__WHAT IS BEING ASKED__
Nothing but the lines from the one containing "全新未使用 DIOR/迪奥 男士亮蓝色老花短裤124803时尚休闲百搭" through the end of the data below should appear in the answer, each exact and free of pictures.

(SOURCE INFORMATION Opens)

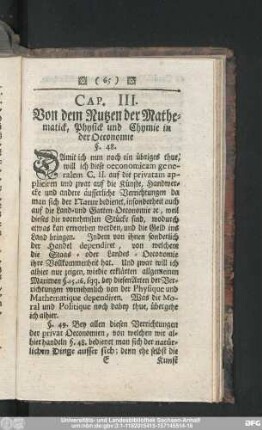 Cap. III. Von dem Nutzen der Mathematick, Physick und Chymie in der Oeconomie.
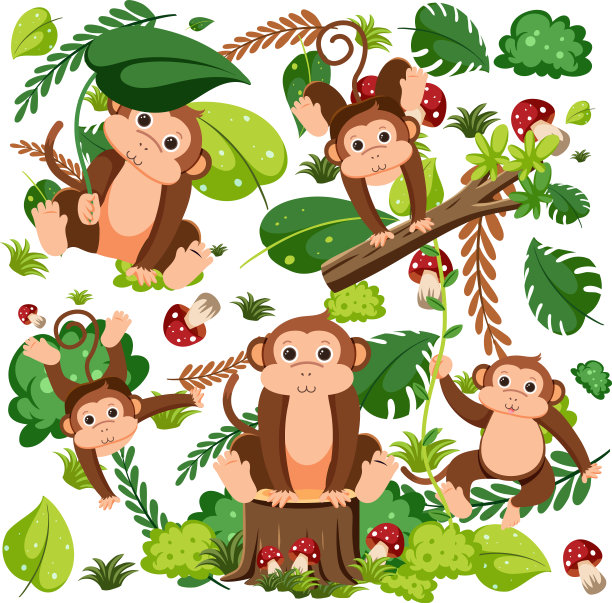 可爱的猴子无缝图案图片下载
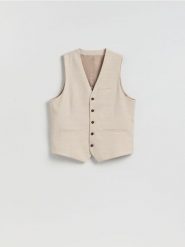 Kamizelka garniturowa w kratę - beżowy. Brązowe garnitury męskie Reserved, bez wzorów, z tkaniny. Za 159.99 zł.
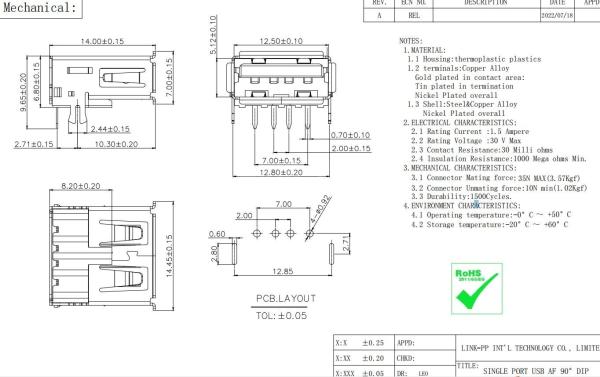 Quality LINK-PP LPUSB1121 Single Port Usb AF 90° DIP for sale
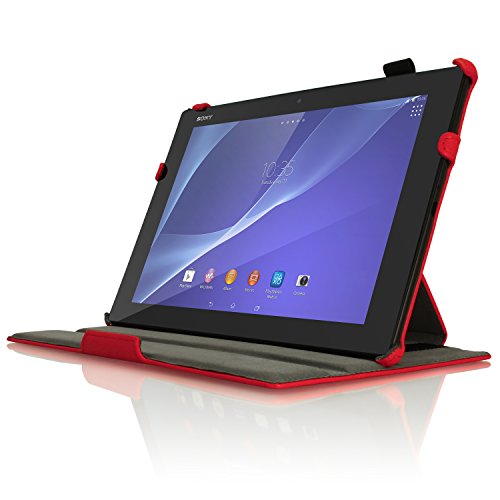 iGadgitz Premium Executive Red PU Leather Case Cover for Sony Xperia Z4 Tablet SGP712 SGP771 with Multi-Angle Viewing stand + Auto Sleep Wake + Hand Strap + Screen Protector iGadgitz Premium Executive Red PU Leather Case Cover for Sony Xperia Z4 Tablet SGP712 SGP771 with Multi-Angle Viewing stand + Auto Sleep Wake + Hand Strap + Screen Protector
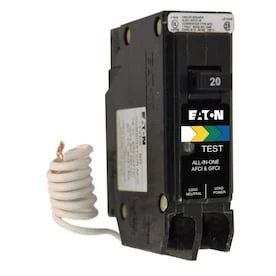 Eaton Type BR 20-Amp 1-Pole Dual Function AFCI/GFCI Circuit Breaker 1 Eaton Type BR 20-Amp 1-Pole Dual Function AFCI/GFCI Circuit Breaker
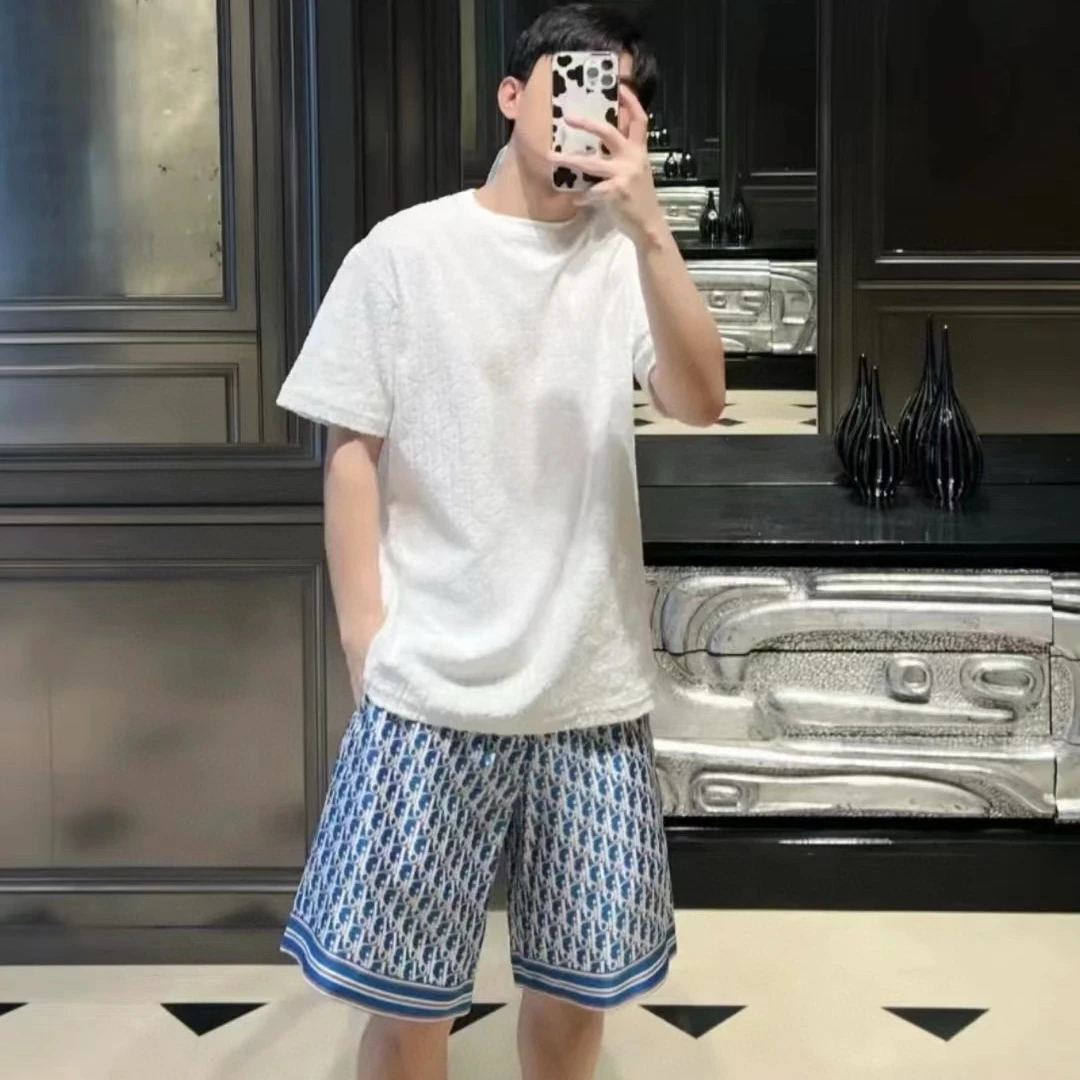 全新未使用 DIOR/迪奥 男士亮蓝色老花短裤124803时尚休闲百搭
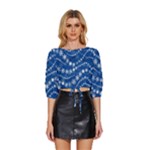 Snowflakes Winter Background Mid Sleeve Drawstring Hem Top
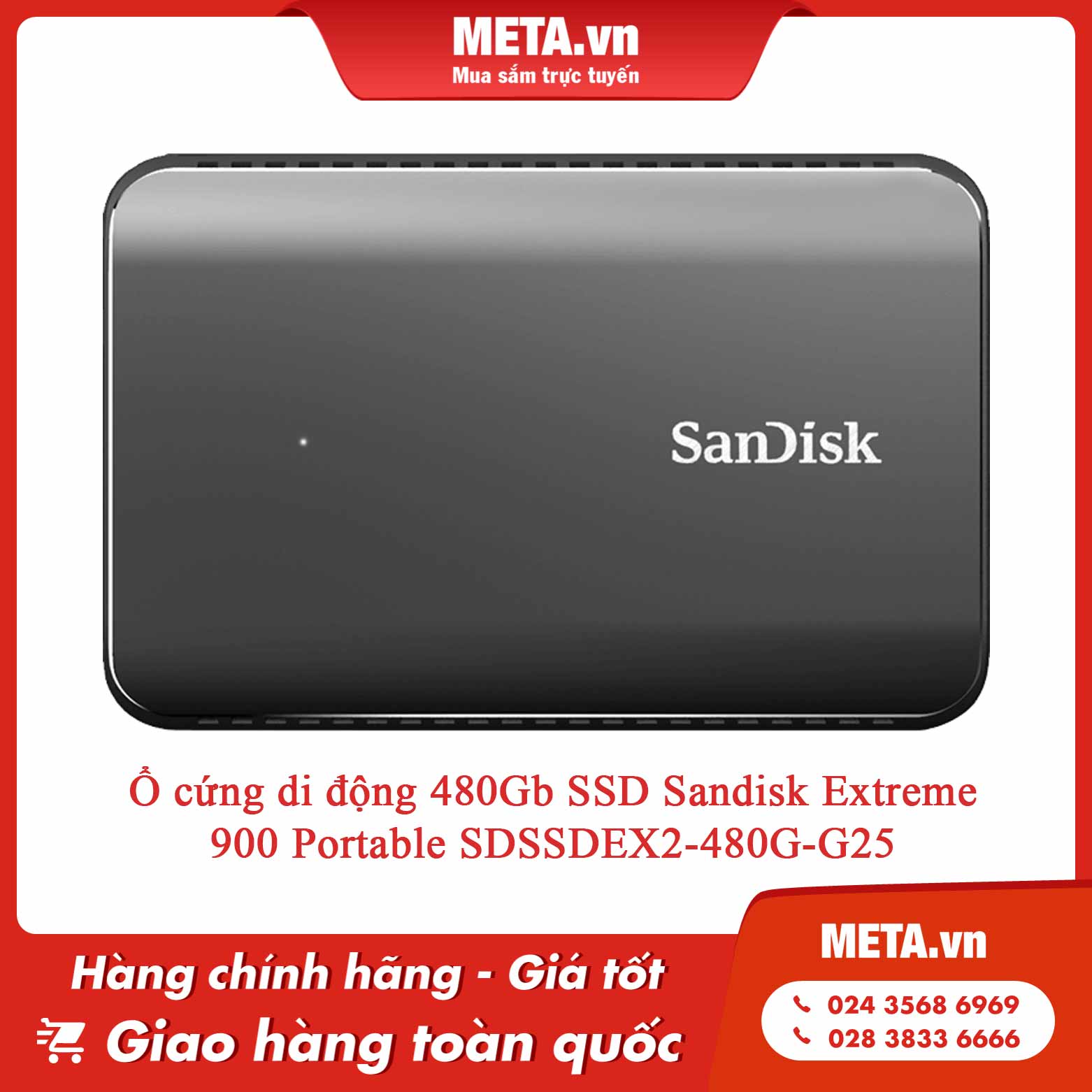 Ổ cứng di động 480Gb SSD Sandisk Extreme 900 Portable SDSSDEX2-480G-G25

(SOURCE INFORMATION Closes)

__RESPONSE__
 全新未使用 DIOR/迪奥 男士亮蓝色老花短裤124803时尚休闲百搭
 Snowflakes Winter Background Mid Sleeve Drawstring Hem Top
 Ổ cứng di động 480Gb SSD Sandisk Extreme 900 Portable SDSSDEX2-480G-G25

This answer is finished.